Updated Jun 9, 2026 History

Trust but Verify

The defining hazard of generative coding is plausible-but-wrong output. Diff looks right, names match the convention, tests pass — and a spec requirement is missing, or a contract is silently broken.

Trust-but-verify is the workflow's answer: an independent adversarial reviewer between implement and ship.

The principle

Hallucinations don't announce themselves. You can't ask the same agent "did you do this correctly?" and trust the answer.
An independent reviewer is cheap. One Opus invocation against a finished diff costs a fraction of a re-implementation.

Every workflow that ships AI-written code needs a verify phase. Not "we should code-review more" — a phase, in the pipeline, with a structured output and a pass/fail gate.

The phase

flowchart LR
    Impl[/implement/] --> V[/verify/]
    Spec & Plan & Tasks & Diff --> V
    V --> Findings[BLOCKER / WARN / NOTE]
    Findings --> Verdict{PASS / FAIL?}
    Verdict -->|FAIL| Fix[Back to implement]
    Verdict -->|PASS| Retro[/retrospective/]
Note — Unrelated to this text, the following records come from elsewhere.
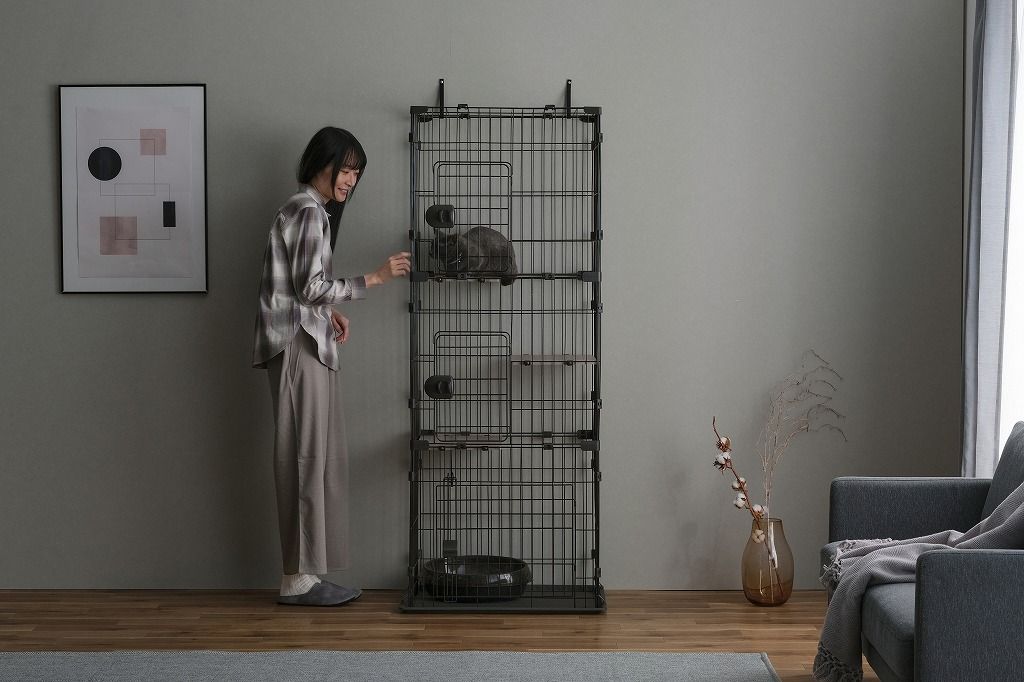 犬用品 アイリスオーヤマ 猫 ねこ キャットケージ ペット 3段 キャット ケージ ダークグレー CCC-168 IRIS OHYAMA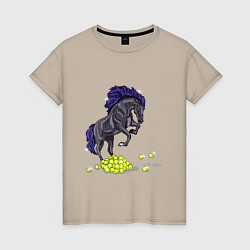 Женская футболка Лошадь на дыбах
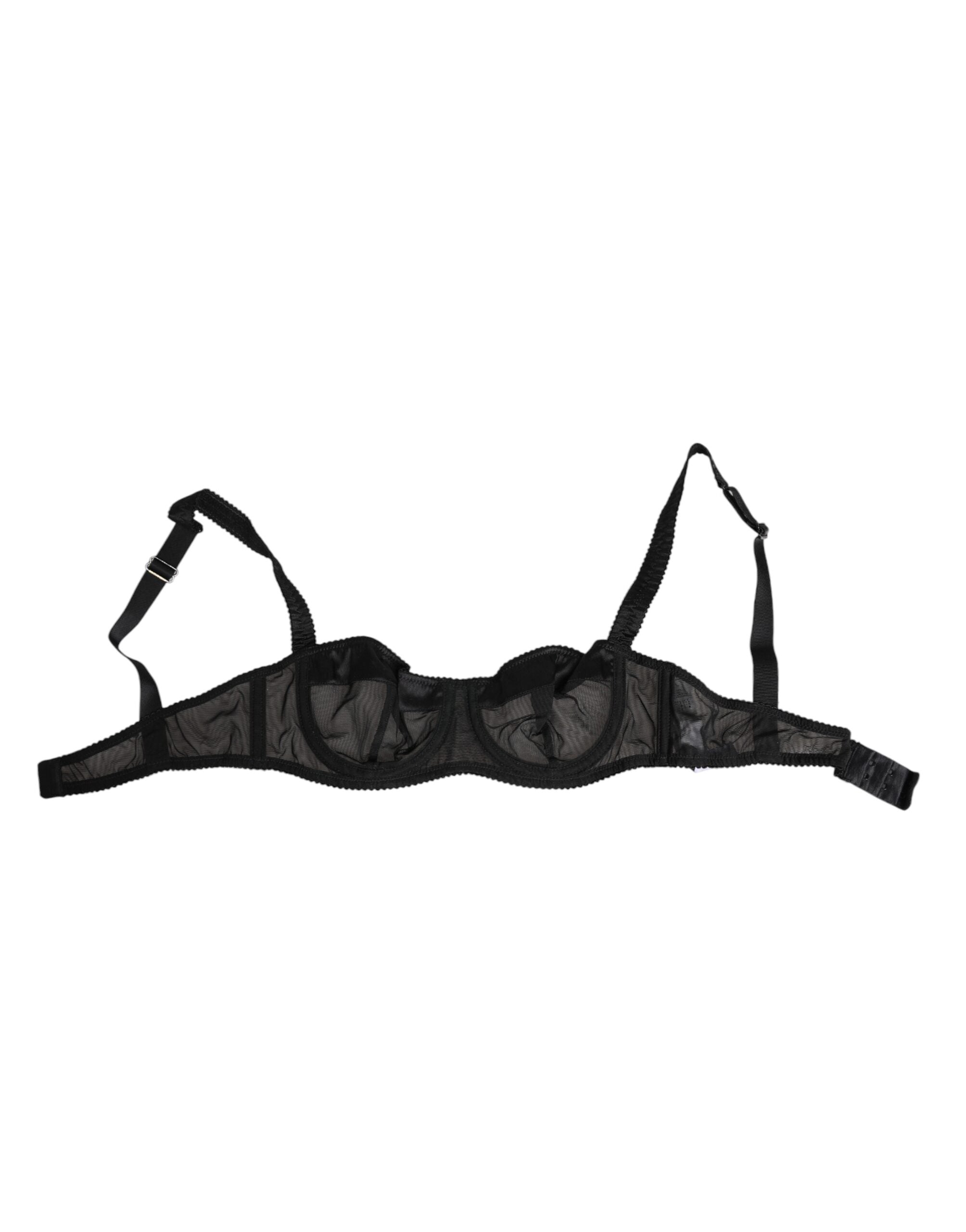 Black Sheer Mesh Underwire Bra  Underwear - ventzia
Inputs: spec, plan, tasks, diff. Output: structured findings + verdict.

Five dimensions

#	Dimension	What it catches
1	Spec divergence	Requirements not implemented
2	Missing tasks	Tasks marked `[X]` without matching diff content
3	Security	Auth, injection, secrets, scopes, logging
4	Correctness	Off-by-one, races, edge cases, swallowed errors, false idempotency claims
5	Contract breaks	Schema, struct, signature, response-shape changes that break callers

Spec divergence catches the most common failure. Contract breaks catch the most expensive.

Severity

Severity	Effect
`BLOCKER`	Must fix. Verdict = FAIL.
`WARN`	Real but non-blocking. Verdict still PASS if no BLOCKERs.
`NOTE`	Observation. Informational.

Verdict math: BLOCKER == 0 → PASS.

The reviewer's prompt

The single most important property: look for what's missing, not validate what's present.

"You are an adversarial reviewer. Find missing items, contract breaks, security regressions, correctness bugs. Quote line ranges for every finding. Do not praise correctness — that is not your role."

Without this framing, the reviewer falls into the same trap as the implementer: reads code, sees plausible patterns, approves. Same model, same diff, different prompt → different catch-rate.

Example finding

### Spec divergence — FR-005 (hard delete on file removal)
**[BLOCKER]** Spec FR-005 requires that when a feature folder disappears,
all rows for that slug are removed. The diff implements file-level deletion
in `ScanFeature`, but `ScanAll` does not call `DeleteAEFeature` for slugs
that have disappeared. Quote: importer.go:50-60.

Composition

Verify is the last line. Earlier gates do the heavy lifting:

Plan review catches design-level errors before code is written.
Pre-fetched context prevents drift into unrelated files.
Constitution rules block recurring mistakes by category.

Verify catches the residual.

Anti-patterns

"We have tests, we don't need verify." Tests check the test's claims. Verify checks the spec's claims. Different.
Skip when in a hurry. Same trap as The Illusion of Speed. Verify is faster than the bug-hunt cycle it replaces.
Same model as implement. Lower yield. Opus for verify even when implement ran Sonnet.

Hallucinations don't announce themselves. The verifier is the announcement.